Improvements have also been made to more highly paralellized systems, such as spinning disk confocal microscopy (SDCM). By increasing the interpinhole distance and utilizing two photon excitation, pinhole crosstalk can be reduced, permitting imaging at depths greater than 100 μm and enabling the tracking of microtubule plus-end binding protein EB1 25 μm into live drosophila embryos (Fig. 2d-g) [6]. Another parallelized technique that can achieve high imaging rates is temporal focusing, in which a laser pulse is scanned across the sample on a picosecond timescale.
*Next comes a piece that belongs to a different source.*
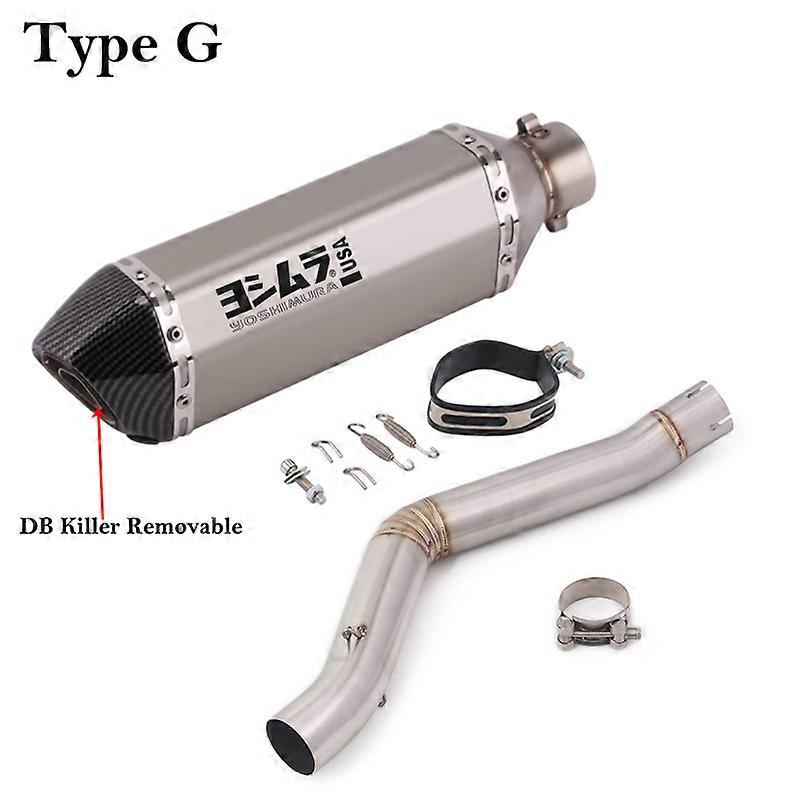 Sistema de Escape completo para motocicleta Benelli TRK502 TRK 502, tubo de enlace medio modificado, silenciador DB Killer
In conjunction with an image-intensifier and a fast, scientific complementary metal-oxide-semiconductor (sCMOS) camera, this technique has enabled measurement of calcium activity at 80 Hz throughout 99 neurons in the brain of an adult nematode [7].

Most fluorescence microscopes, even those using multiphoton excitation, dose the imaging volume outside the focal plane causing unnecessary photodamage. Light sheet fluorescence microscopy (LSFM) solves this problem by illuminating only the sample plane currently in focus. Since an entire line- or plane within the sample is illuminated simultaneously, excitaiton is parallelized and imaging rates and SNR are much improved relative to point-scanning systems.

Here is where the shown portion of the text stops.